◆ **Raw data**:
______________________________
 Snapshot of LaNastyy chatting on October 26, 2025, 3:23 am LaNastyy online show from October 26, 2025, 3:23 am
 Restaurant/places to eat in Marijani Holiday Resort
______________________________
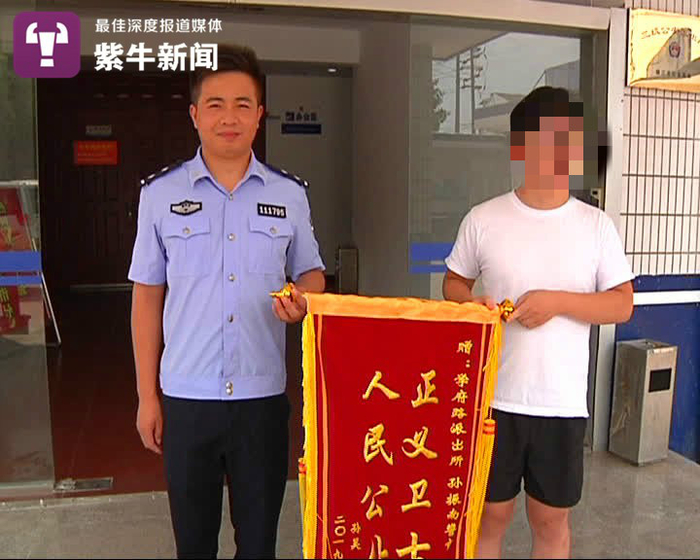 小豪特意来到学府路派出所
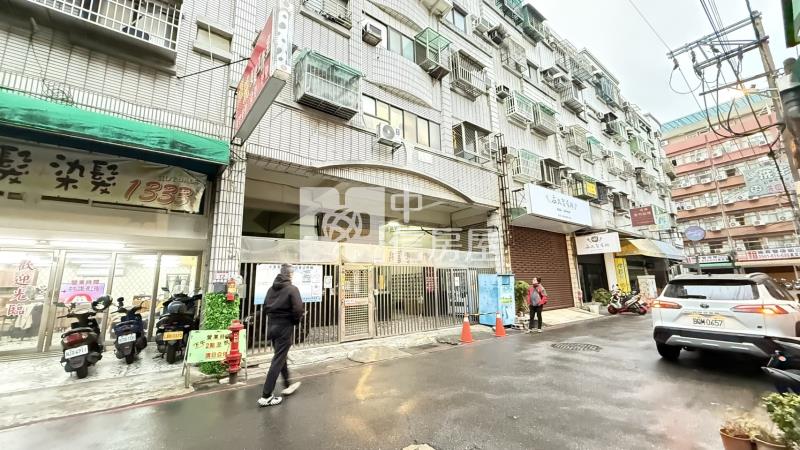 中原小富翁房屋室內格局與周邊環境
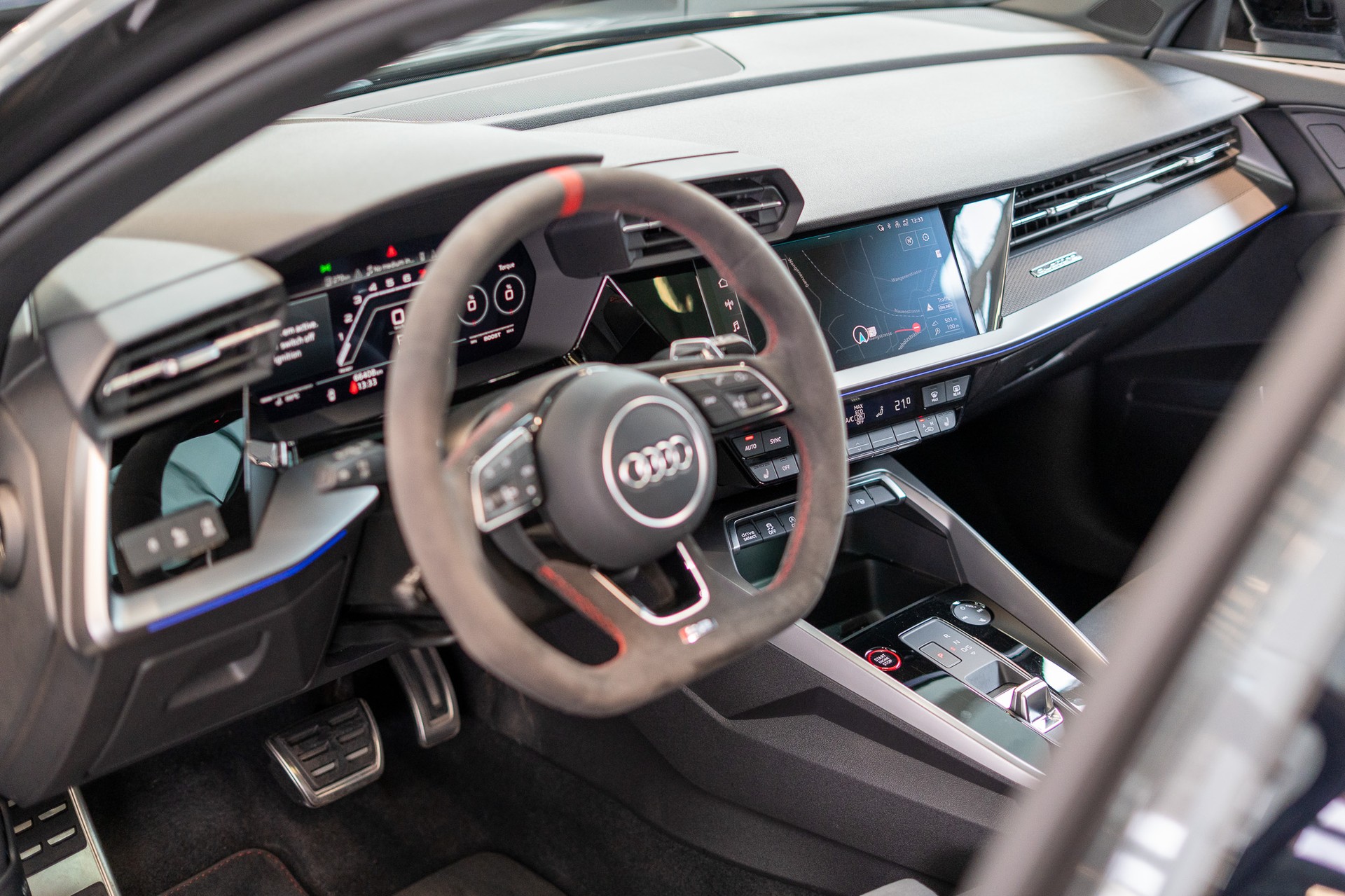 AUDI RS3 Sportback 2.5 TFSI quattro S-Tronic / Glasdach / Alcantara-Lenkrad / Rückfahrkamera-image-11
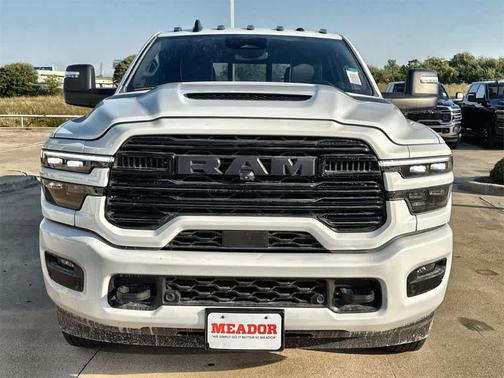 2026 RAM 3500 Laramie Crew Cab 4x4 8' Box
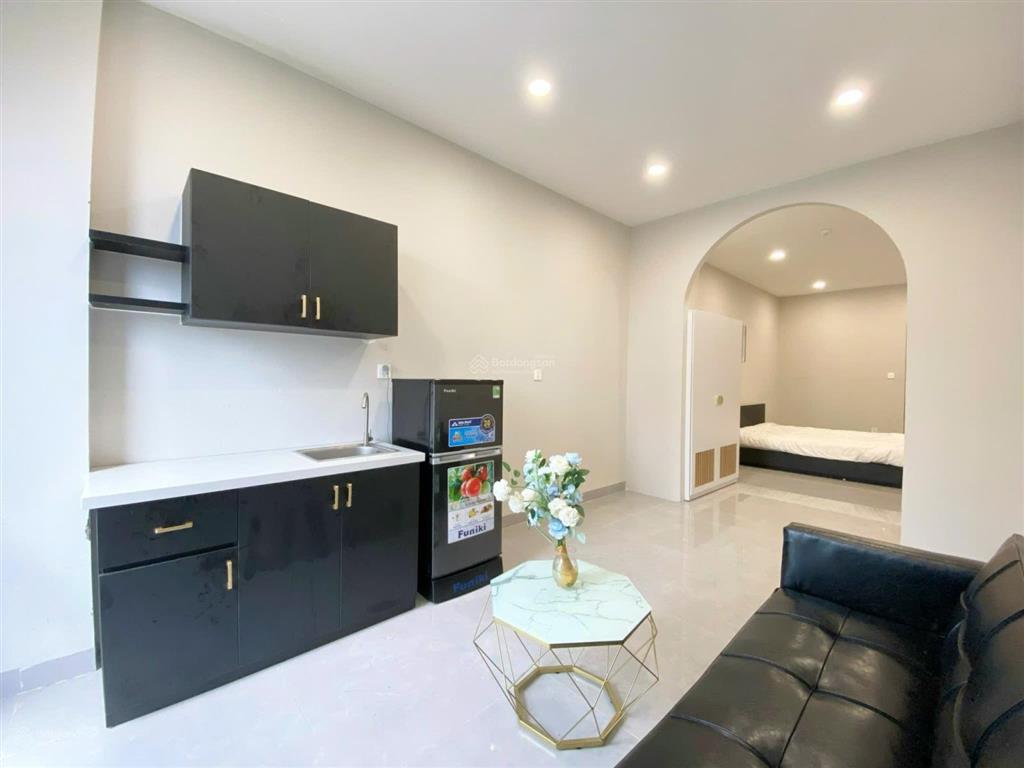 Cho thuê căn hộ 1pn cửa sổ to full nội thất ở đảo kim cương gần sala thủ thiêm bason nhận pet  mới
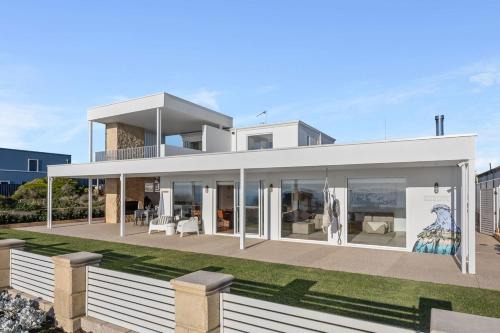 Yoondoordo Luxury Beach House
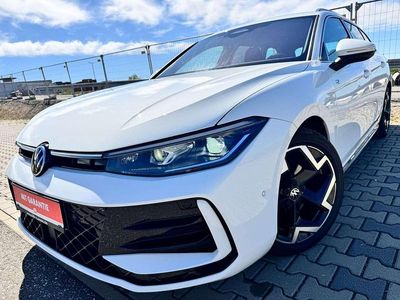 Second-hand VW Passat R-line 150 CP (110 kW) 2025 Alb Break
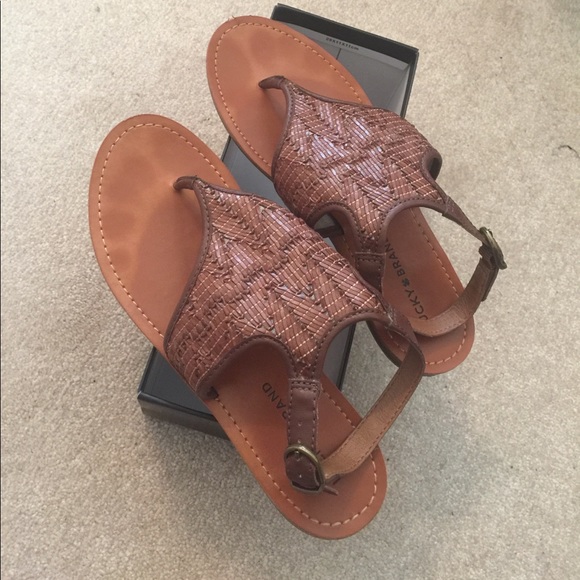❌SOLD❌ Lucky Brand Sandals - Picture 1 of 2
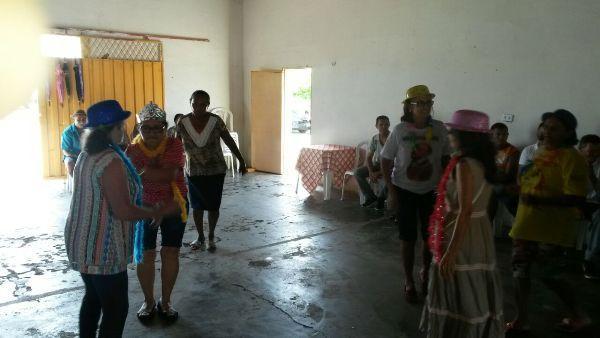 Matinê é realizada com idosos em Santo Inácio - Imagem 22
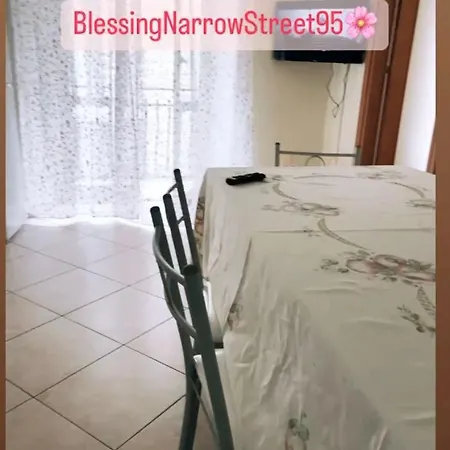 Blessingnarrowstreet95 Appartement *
______________________________
◆ **Instructions for the task**:
Write out exactly the lines above from the line with "Snapshot of LaNastyy" through the line with "Restaurant/places to eat", both of them included, and leave out all other lines.

◆ **Written response**:
 Snapshot of LaNastyy chatting on October 26, 2025, 3:23 am LaNastyy online show from October 26, 2025, 3:23 am
 Restaurant/places to eat in Marijani Holiday Resort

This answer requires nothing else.